MSAC Individual Artist Award (IAA)Prior to 2012
Artist StatementExperimenting with size and scale I create a representative world of my own, producing photographs under controlled lighting to alter and control the viewer's perspective. Symbolizing the human condition with common office products, I question whether we have become so regimented in our routine as to be lifeless. In the age of technology have we become inhuman? I began this series of photographs as a social commentary on cubicle-farm life, highlighting a corporate culture that is monotonous, hierarchal, micromanaging, non-creative and even inhumane. This body of work evolved from satirical furniture vignettes of corporate scenarios almost narrating what happened before or what could soon occur, to images that were more architectural and abstract as I built models to depict uninhabitable commercial spaces. As an artist, I am inspired by the work of photographers, Andreas Gursky, James Casebere, Thomas Demand and Edward Burtynsky, along with installation artists such as Do Ho Suh, whose work can be both subtle and powerful and Tara Donovan whose work can make ordinary materials seem extraordinary. As I continue to think about society as a whole, I am also inspired by architecture and urban life. I continue to contemplate the idea of “work” and how one can be weighed down by the mundane tasks of their daily life.

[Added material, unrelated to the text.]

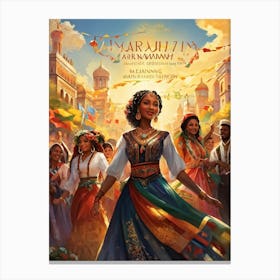 A Multicultural Parade Illustrative Poster Style Showcasing Various Ethnic Groups Dressed In Tradi (5) Canvas Print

Born in New York, NY and raised in Baltimore, Anne Chan received her MFA from the Maryland Institute College of Art in 2006 and her BA from Washington College in Chestertown, Maryland in 2000. Anne’s work has exhibited widely in Baltimore, Maryland; Washington DC; Miami, Florida; and Toronto, Canada. She is also a So-Hamiltonian Artist Fellow at Hamiltonian Gallery in Washington, DC and a recent Maryland State Arts Council Individual Artist Grant recipient in Photography.